- **Exercise**: In the records that follow, find the line with "vidaXL Outdoor Sofa"; from there, retype every line exactly through the line with "Low Voltage Wire", which also belongs to the answer.

- **Data listing**:
=====

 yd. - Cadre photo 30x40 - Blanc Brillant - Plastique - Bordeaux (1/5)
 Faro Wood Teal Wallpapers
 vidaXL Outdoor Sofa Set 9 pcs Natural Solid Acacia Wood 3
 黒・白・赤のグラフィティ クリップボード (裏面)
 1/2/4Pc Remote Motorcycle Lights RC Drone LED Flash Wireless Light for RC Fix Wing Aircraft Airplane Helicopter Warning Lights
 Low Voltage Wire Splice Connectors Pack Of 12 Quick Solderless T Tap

=====

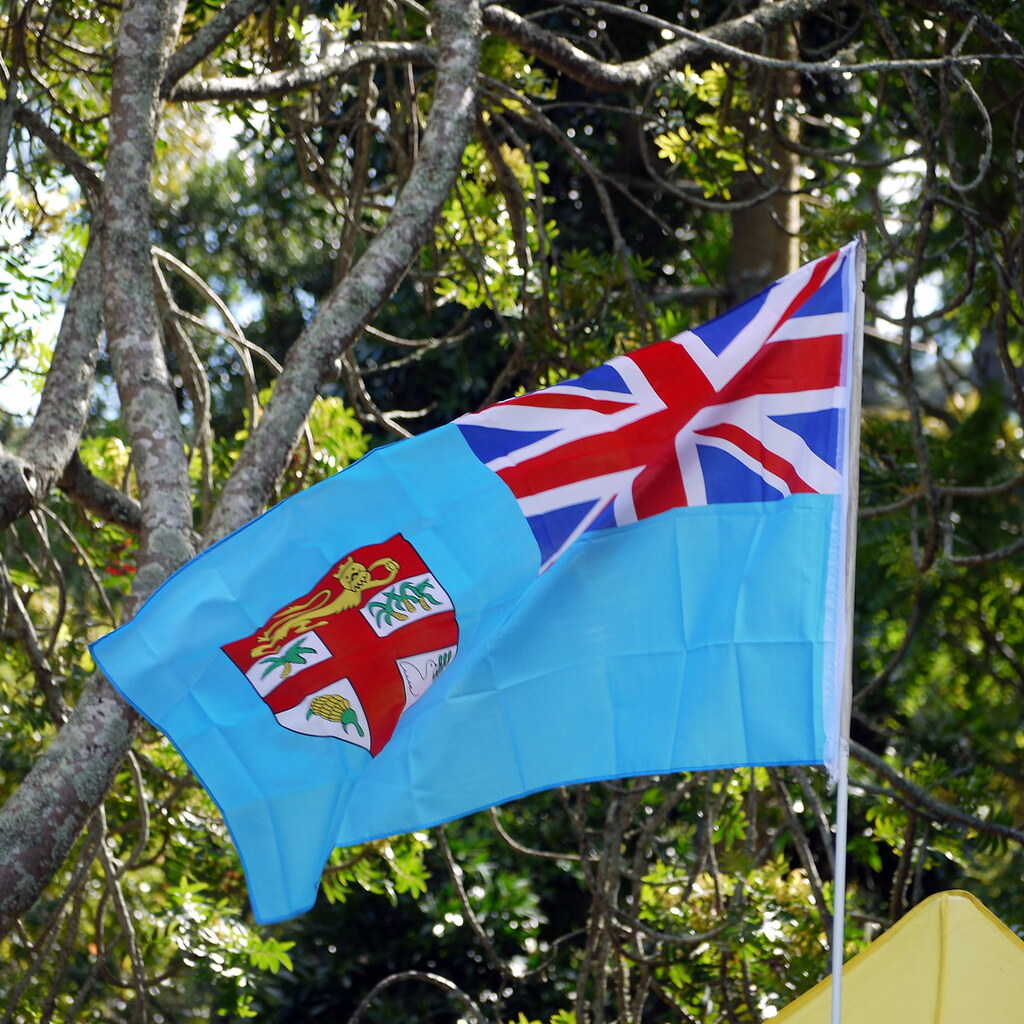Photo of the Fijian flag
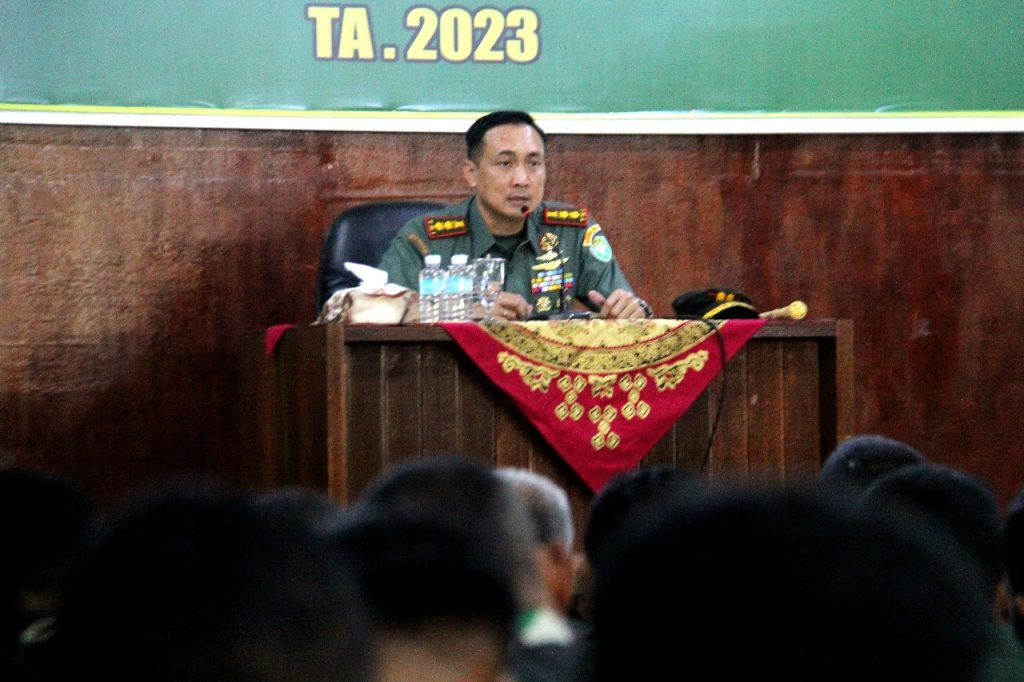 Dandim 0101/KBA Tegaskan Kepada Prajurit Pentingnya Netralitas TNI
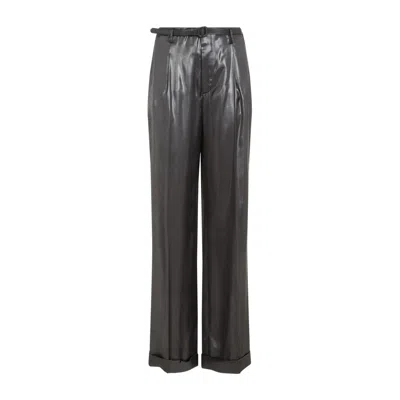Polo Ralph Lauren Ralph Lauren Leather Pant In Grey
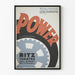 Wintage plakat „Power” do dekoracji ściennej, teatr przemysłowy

=====

- **Result of the task**:
 vidaXL Outdoor Sofa Set 9 pcs Natural Solid Acacia Wood 3
 黒・白・赤のグラフィティ クリップボード (裏面)
 1/2/4Pc Remote Motorcycle Lights RC Drone LED Flash Wireless Light for RC Fix Wing Aircraft Airplane Helicopter Warning Lights
 Low Voltage Wire Splice Connectors Pack Of 12 Quick Solderless T Tap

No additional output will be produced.